Ethanol powered stock gtr got 0-60 1.8 seconds like five years ago lol welcome to 2015


----------



## OldBay (Apr 1, 2019)

https://autowise.com/7-vehicles-that-go-from-0-60-in-under-2-seconds/


----------



## Sal29 (Jul 27, 2014)

I've accelerated much faster than all these production cars. I've gone 0-60 mph in 1.65 seconds and 0-128 mph in 3.2 seconds.
It was on Kingda Ka at 6 flags. There are several all wheel drive 2000 hp production electric cars coming out soon that should hit 0-60 in 1.9x seconds and do 8 seconds quarter miles. The improvements will get slower and slower as time goes by even when adding massive amounts of additional power because grip is the limiting factor.
Kingda Ka will still accelerate harder than any production car even 20 years from now. You will never see production cars with tires and a body like top fuel dragsters.


----------



## SHalester (Aug 25, 2019)

never understood the obession with straight line 0-60. Oh boy, in a straight line. What matters is handling and suspension.


----------



## amazinghl (Oct 31, 2018)

Mean while, we still have people that have no idea how use on ramp to accelerate.


----------



## Sal29 (Jul 27, 2014)

amazinghl said:


> Mean while, we still have people that have no idea how use on ramp to accelerate.

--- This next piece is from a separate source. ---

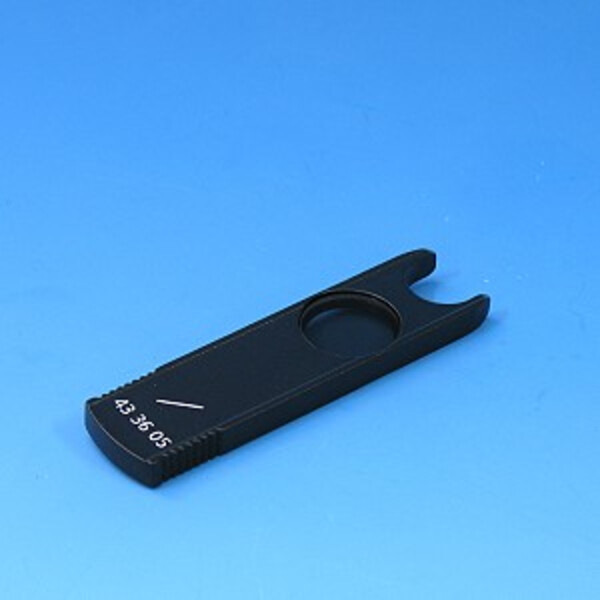 ZEISS Analisador deslizante fixo para Luz trasmitida, 6x20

With Uber and Lyft's pay, you will go bankrupt if you lose the extra nickel in gas it costs for you to accelerate hard each time you're on an onramp. This is why Uber and Lyft drivers will accelerate their Prii slowly to 55 mph on an onramp taking 60 seconds to get to 55 mph and never go above 55 mph.


----------



## peteyvavs (Nov 18, 2015)

ColumbusRides said:


> Currently, there are several cars that can do 0-60 in the mid 2's (seconds) whether gas or electric. Several experienced car "You Tubers" have said that the Porsche Taycan and other cars are so brutally fast that it takes a lot of focus on driving at incredible speeds and for the "average" person it's just to much. I guess my question is... Will we get to a point there 0-60 times are in the 1 second range? Can we get times even quicker than a sec? What about zero seconds... How fast is to fast?


Fast cars are referred to as population controllers.


----------



## Dekero (Sep 24, 2019)

Sal29 said:


> With Uber and Lyft's pay, you will go bankrupt if you lose the extra nickel in gas it costs for you to accelerate hard each time you're on an onramp. This is why Uber and Lyft drivers will accelerate slowly to 55 mph on an onramp taking 60 seconds to get to 55 mph and never go above 55 mph.


Not this Uber driver... I got other rides to take... And as for 55mph.... Ohhhh wait your serious... That's so cute....


----------



## Sal29 (Jul 27, 2014)

Dekero said:


> Not this Uber driver... I got other rides to take... And as for 55mph.... Ohhhh wait your serious... That's so cute....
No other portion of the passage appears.